The Apollo 17 HFE. NASA.

The scene reflects the difficulty of a challenging experiment emplacement: astronauts needed to transport sizeable components away from the immediate landing site, safe from disturbances caused by their entry and descent. Walking through the grey landscape, one can easily lose their sense of proportion and direction. Boot prints stamped into the surrounding soil mark the trails of the astronauts, their weight casting lines of shadow visible in LRO’s orbital images.

The first Apollo HFE began transmitting data in 1971 with the next mission following closely behind, operating together for the next five years. While another Apollo mission was also equipped with the HFE package, an unfortunate cable caught astronaut John Young’s foot and disconnected the experiment. Two missions alone therefore provide the only ground truth measurements of temperatures on the Moon to date. 

While physical and technical complications presented experiment challenges, the real issues with the HFE data started upon its arrival to Earth.

The history of the data since it was archived in the 1970s until its current use by LRO scientists presents a curious case of investigation, transportation, loss, and revival. Originally, NASA used sixteen separate tracking stations to downlink data, sending the tape recordings to Johnson Space Center in Houston, TX. The tapes were then sent to Lamont Observatory in Palisades, NY, where they appear to have been ambiguously renamed multiple times and subsequently lost. Lamont did, however, produce a separate copied set of tapes for the NASA Space Science Data Archive, which serves as a permanent storage center for mission data. 

Owing to budget cuts and focus on other missions, decades passed before a new hunt for reliable, unaltered Apollo HFE data ensued in 2005. With the original archives lost and the questionable set sent to the NASA Space Science Data Archive in the late 1970s, scientists and NASA investigators have identified two other sources for the data outside of the original, lost archives: Johnson Space Center and the University of Texas at Galveston. Many at Johnson Space Center have been lost or damaged and those at UT Galveston lack important calibration data. 

Since the rediscovery of these sources, community interpretive work has successfully recovered and restored much of the missing and damaged data. Studies have devoted their entire budget to cleaning up the data and making it available for public use. Owing to these efforts, teams like the LRO Diviner scientists can now effectively use it for new science, continuing to expand the Apollo legacy as the work toward new discoveries. 

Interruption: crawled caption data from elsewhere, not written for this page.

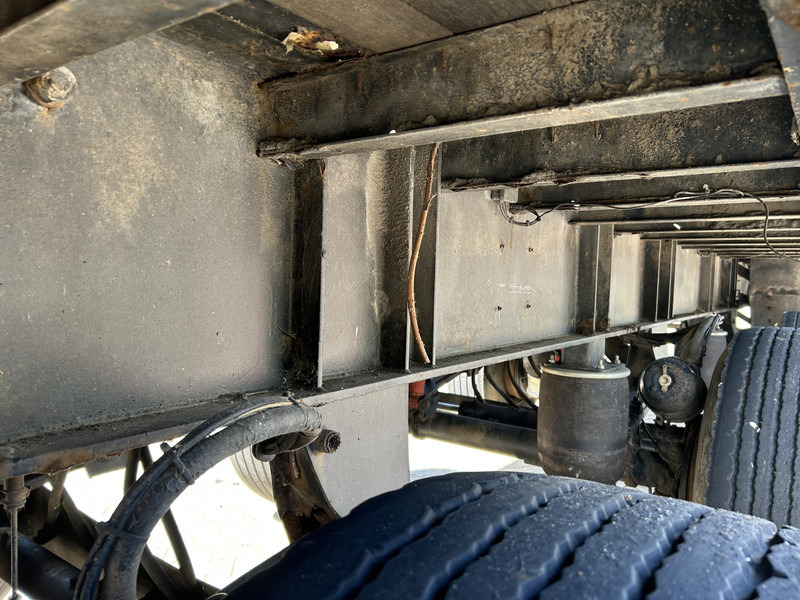 Vogelzang V02 17 30 / Heavy Duty Chassis / 3 axle 10 Ton / Hiab Crane Defect - סמיטריילר צד נופל/ שטוח: תמונה 4 Vogelzang V02 17 30 / Heavy Duty Chassis / 3 axle 10 Ton / Hiab Crane Defect - סמיטריילר צד נופל/ שטוח: תמונה 4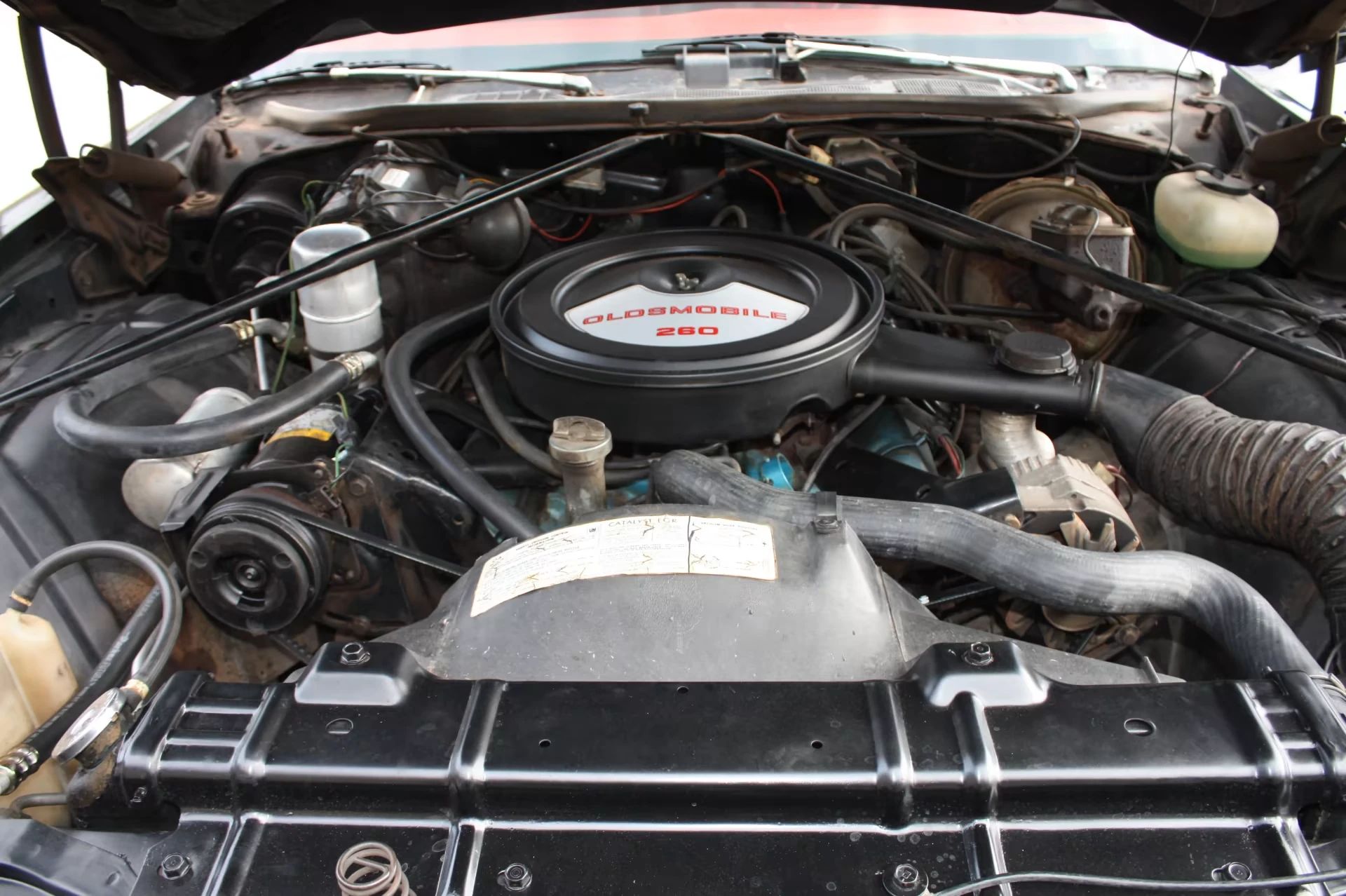Oldsmobile 260 engine in a 1977 Cutlass Supreme
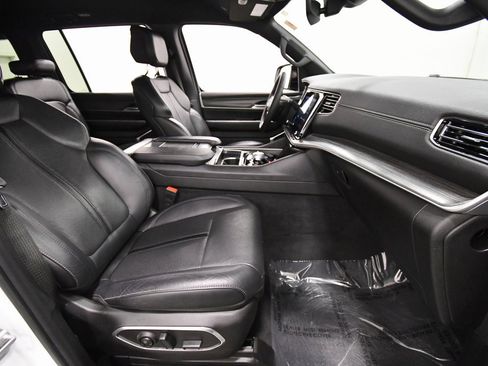 Used 2024 Jeep Wagoneer L Series II w/ Flexible Seating Group image 18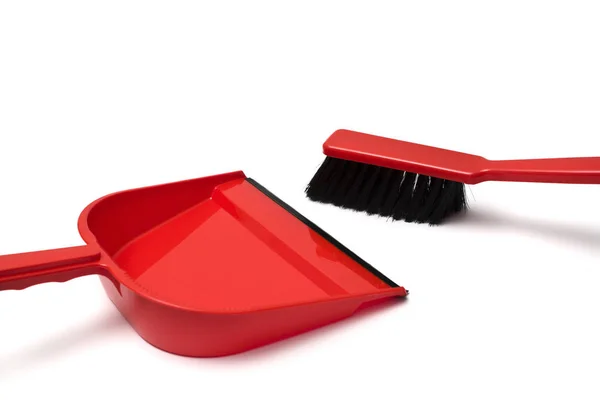 Dustpan Vermelho Duster Isolado Branco Foco Espaço Entre Dois Objetos — Fotografia de Stock
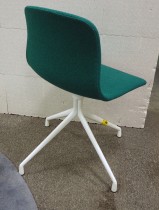 Hay About a chair AAC10 konferansestol i grønt stoff / ben i hvitlakkert metall, pent brukt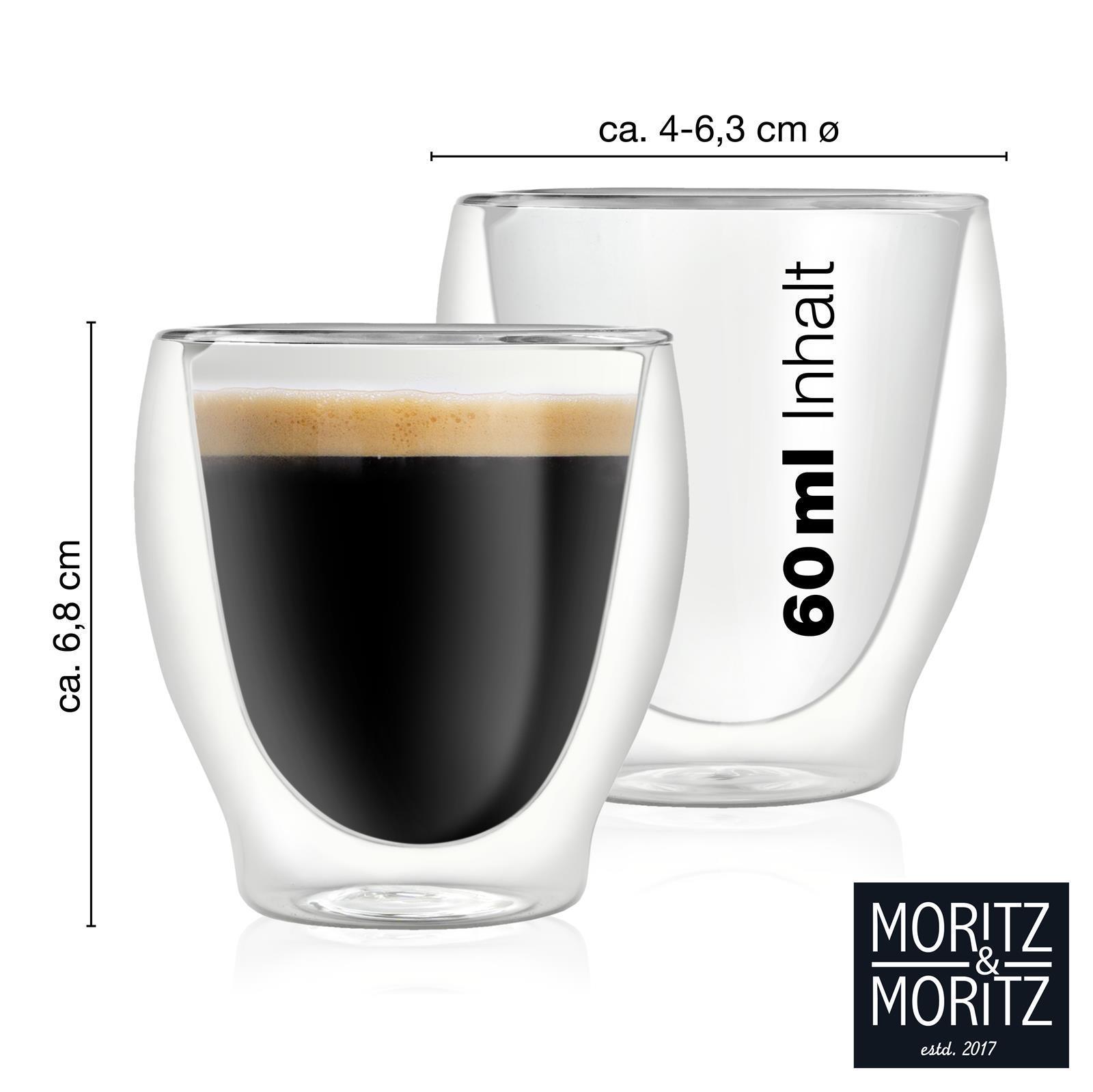 Glas MILANO in Grün, Zwei Gläser Milano mit 60 ml Fassungsvermögen auf weißem Hintergrund, geschwungene Form mit dickem Boden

The narrative of the Apollo HFE over the past fifty years has been far from straightforward. From requiring scientists to drill on the Moon to spurring a scientific community effort, the journey of the HFE data and its contribution to science is ever-evolving. In looking to the future, LRO scientists will continue to glance at the past through Apollo, using the HFE data in new models and keeping the images of boot prints on the Moon pinned to their office doors.